# ICD-10 good news possibly



## TLC (Feb 25, 2015)

*ICD-10 test good news possibly*

A little long but maybe well worth the read. I just wanted to put this out there. I registered for a boot camp March 2014, the boot camp was 5/29 5/30-2014. I just recently finished all my "modules" (150+ questions to answer and scenerios to answer). that came with the bootcamp. I had to call AAPC with a question about something else. Anyway they told me that since I had taken that bootcamp and completed all the modules and questions I had completed the proficiency in ICD-10. I no longer need to take the test. My certiciate that printed out states "Has demonstrated proficiency in ICD-10-CM". I still didn't believe it so I called again and it is true. I DO NOT have to take the test. WHEW. So if you have taken a boot camp and finished all the modules 21 of them you might want to check with AAPC. To see if you are all done. I spoke to John at AAPC he said it was ok to post this. If I hadn't called them with question about something else I would of never known this. Since I never got any kind of email about it or never saw it anywhere. Good luck


----------



## TLC (Feb 25, 2015)

*ICD-10 test good news*

I meant to say ICD-10 TEST good news


----------



## crystalr1763 (Feb 25, 2015)

Thanks for posting this information. I thought I had read that in one of the Coding Edge articles, but could not remember.  Good to know.


----------



## KJPAAPC (Feb 26, 2015)

So if you take a boot camp, you do not have to take the ICD 10 test that I just ordered from AAPC???  UGH


----------



## TLC (Feb 27, 2015)

I would check with AAPC to be sure. The combo I had included on-line testing and THE test. So to be sure I would check with them on what you have. After I finished all my online modules 21 of them and the sceinero's I was able to print my certificate it said on there Proficient in ICD-10.


----------



## lynnmariewest@aol.com (Feb 27, 2015)

*Thanks*

Thank you for the information.  It is really helpful and took away a LOT of stress!


----------



## TLC (Mar 3, 2015)

Let me just remind my BootCamp came with online modules I had to complete.
Also sceinero's I had to do. So PLEASE check with AAPC like I said before to be sure your Boot Camp included all this and that when you finish you will be done. Don't assume that you will be done just because you took a BootCamp. PLEASE,PLEASE CHECK WITH AAPC. To be sure!!!


----------



## PLAIDMAN (Mar 5, 2015)

TLC said:


> A little long but maybe well worth the read. I just wanted to put this out there. I registered for a boot camp March 2014, the boot camp was 5/29 5/30-2014. I just recently finished all my "modules" (150+ questions to answer and scenerios to answer). that came with the bootcamp. I had to call AAPC with a question about something else. Anyway they told me that since I had taken that bootcamp and completed all the modules and questions I had completed the proficiency in ICD-10. I no longer need to take the test. My certiciate that printed out states "Has demonstrated proficiency in ICD-10-CM". I still didn't believe it so I called again and it is true. I DO NOT have to take the test. WHEW. So if you have taken a boot camp and finished all the modules 21 of them you might want to check with AAPC. To see if you are all done. I spoke to John at AAPC he said it was ok to post this. If I hadn't called them with question about something else I would of never known this. Since I never got any kind of email about it or never saw it anywhere. Good luck



this was an AAPC sponsored boot camp ?


----------



## TLC (Mar 11, 2015)

Yes this was thru AAPC


----------



## bedwards (Mar 12, 2015)

If you go to the link below you can find the answers to your I10 proficiency assessment questions.  You can either click on "What is the ICD-10 Proficiency Assessment and is it required?" or scroll to the bottom of the page.
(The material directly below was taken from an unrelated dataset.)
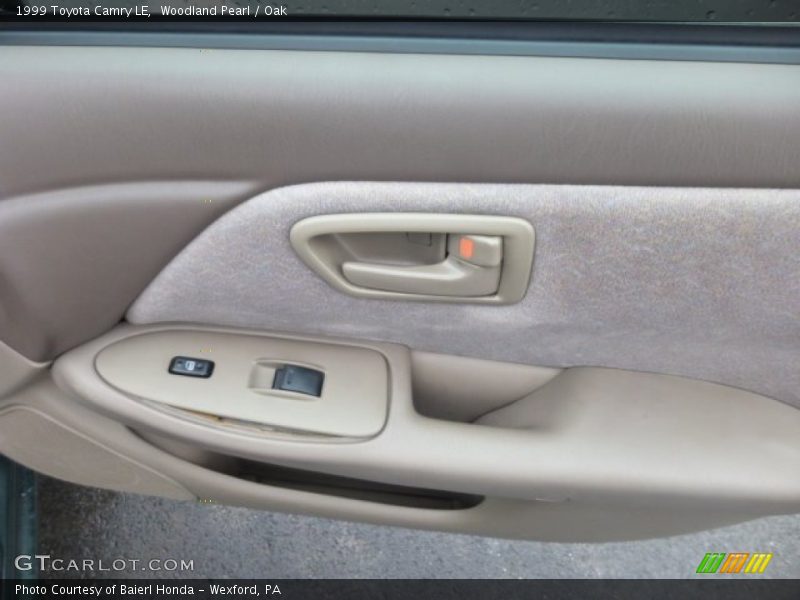 Woodland Pearl / Oak 1999 Toyota Camry LE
https://www.aapc.com/icd-10/faq.aspx#proficencyassessment


----------



## LisaAlonso23 (Mar 23, 2015)

Essentially if you purchased the online boot camp with the untimed ICD-10 exam, the 150 exercises you completed were collectively the ICD-10 untimed Proficiency Exam. 

Those of us who've taken the in-person boot camps & registered for them prior to the AAPC offering of the untimed exam still need to take the online exam to demonstrate ICD-10 proficiency.


----------